In the book Surviving Inside Congress, my co-authors and I examined the role of the media in affecting legislation. A Pew Research Center study noted that 70 percent of Americans believe the media “has a negative effect on the way things are going in the United States.” Fully three-quarters of those surveyed said the media is biased. Bottom line: people are more distrusting of reporters and columnists than ever before.

It is more common now for news outlets to race to get the story first than to be concerned with getting it right. And the phrase “if it bleeds, it leads” has become the de facto way of doing business.

For reporters looking to please their editors with clicks and retweets, bipartisanship is boring. The Joint Select Committee on Budget and Appropriations Process Reforms made significant progress on identifying meaningful changes that could make the congressional budget work better. But the committee received scant media coverage until it was clear that it would fail to produce legislative recommendations.
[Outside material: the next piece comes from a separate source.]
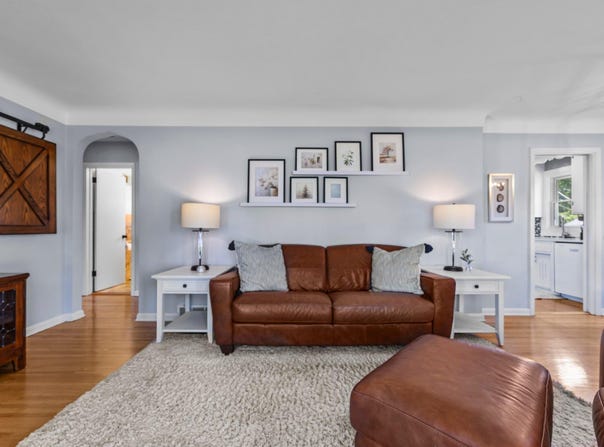 1631 Oregon Avenue S, Saint Louis Park, MN 55426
The incoming freshmen of the 116th Congress – both Democrats and Republicans – are diverse, passionate, enthusiastic and, yes, there are a number of rabble-rousers among them. They are true representatives of our country. Has the media become so jaded that they see the freshman Democrats’ eagerness for bipartisanship and a sense of duty to set policy as naïve? The Constitution demands consensus, not partisan dictates. The Senate cools the passions of the House. And we should cheer for lawmakers who want openness and a willingness to reach across the aisle to make Congress work better.